There will be a lot of talk about Reyes because he's in the final year of his contract, he plays a key position and he's pretty darn good. He has great range, can be a catalyst at the top of the order, and he usually plays with a big smile. After struggling with injuries the past two seasons, Reyes looks fit and entered Saturday batting .326 with 12 steals this season.
Again, not suggesting here that the Twins make a call on Reyes.
The Mets aren't going to win this year, and there are concerns about the financial stability of ownership because of its ties to convicted financial felon Bernie Madoff. So moving Reyes makes a lot of sense for the Mets because of the package they could receive for him. The one thing the Mets must determine is how much of an attendance/public relations hit they would take if Reyes is dealt. He is one of the few reasons Mets fans come to Citi Field.
The only red flag with Reyes came before the 2010 season when he was interviewed by the FBI about his relationship with a Canadian doctor caught smuggling HGH into the country. He has denied taking the drug and has moved on.
He can be an impact player, and the Twins, Giants, Reds and Cardinals are among teams who could use him.
But why should the Twins pursue Reyes? They prefer to throw bodies at the position. Trevor Plouffe is getting his chance this weekend, and Tsuyoshi Nishioka could make it four shortstops in two months once he recovers from injury. Since 2007, Nick Punto, Brendan Harris, Adam Everett, Orlando Cabrera, Alexi Casilla and J.J. Hardy have all played at least 30 games at short for the Twins in a season.
Reyes, 27, was 20 when he broke into the majors in 2003. He has led the National League in triples twice, in stolen bases three times and in hits once.
He is making $11 million in the final year of his contract and is in line for a big free-agent payday. The Yankees' Derek Jeter leads shortstops with an average annual salary of $17 million. Troy Tulowitzki is next at $15.775 million. Some think Reyes could land a Carl Crawford-like deal that averages a little more than $20 million a season.

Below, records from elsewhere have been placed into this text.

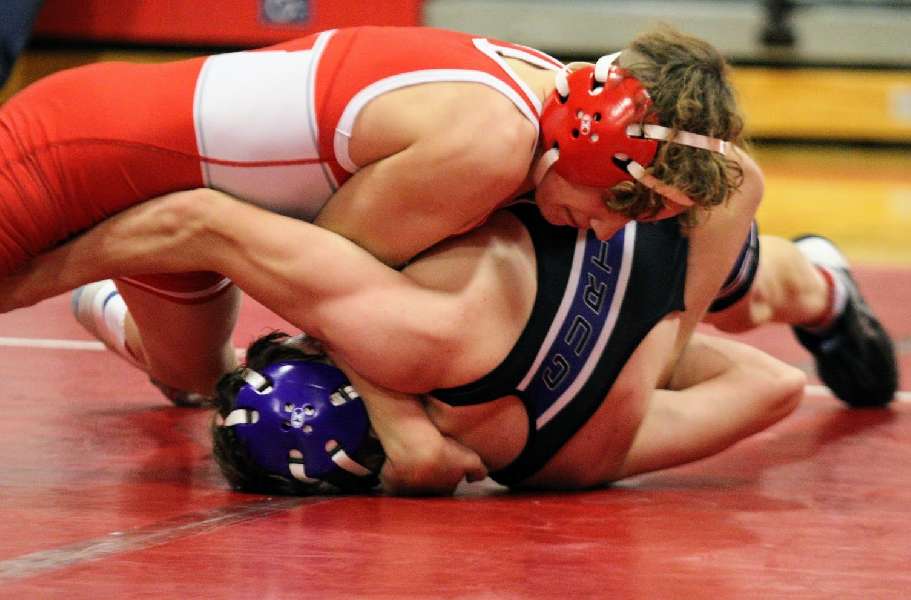 WAVERLY RACKS UP PINS IN 70-6 WIN OVER DRYDEN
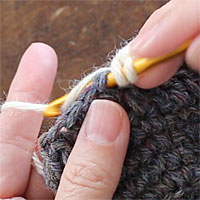 長編み交差[2] 針を入れました。糸をかけて引き出します。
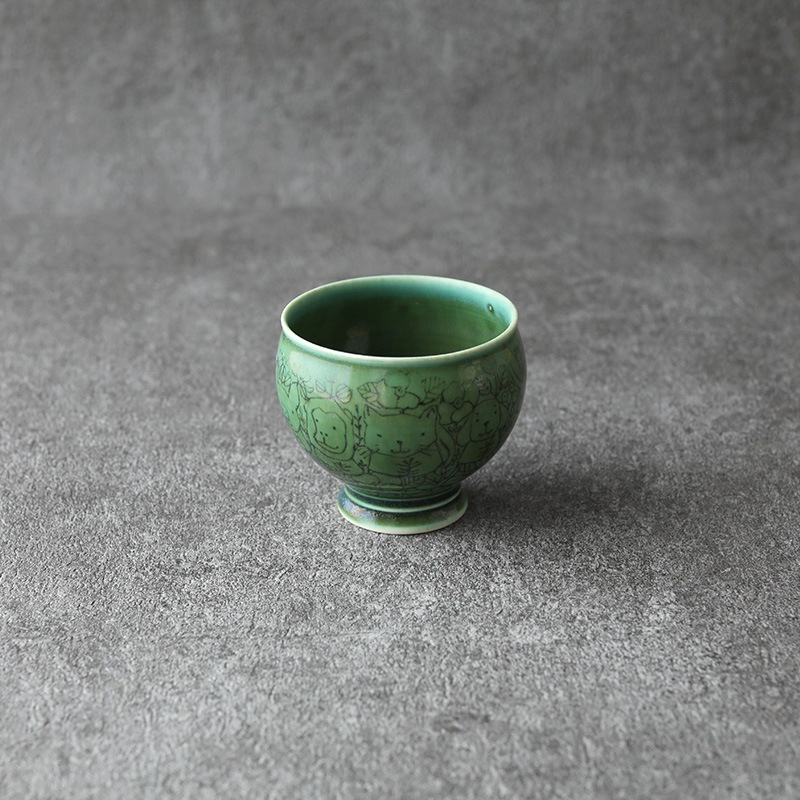 【新春！お値下げ！】岳中爽果　緑色 陶器 一輪挿し 葉模様 岳中爽果｜ぐい呑み 動物正面顔×草木実花 線刻 織部 | 趣佳[syuca.jp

Reyes could end up as a very important rent-a-player for someone. There were reports last week that the Giants had inquired about Reyes. Get ready for more stories about the Mets getting calls about Reyes. He is the Cliff Lee of 2011, and Reyes should remain in the rumor bin until the trade deadline passes.
Probably not for the Twins, though. Their payroll is tapped out at around $113 million. It doesn't matter that Reyes would be owed only $3.57 million if dealt for on July 31. It doesn't matter that the Twins, after the season, can take about $38 million in payroll off the books in Joe Nathan ($12.5 million), Michael Cuddyer ($10.5 million), Matt Capps ($7.15 million), Jason Kubel ($5.25 million) and Jim Thome ($3 million).
Nope, they don't have the financial flexibility, or prospects, or starting pitching.
They don't need the stability. They don't need the production. They don't need the energy. They don't need a spark.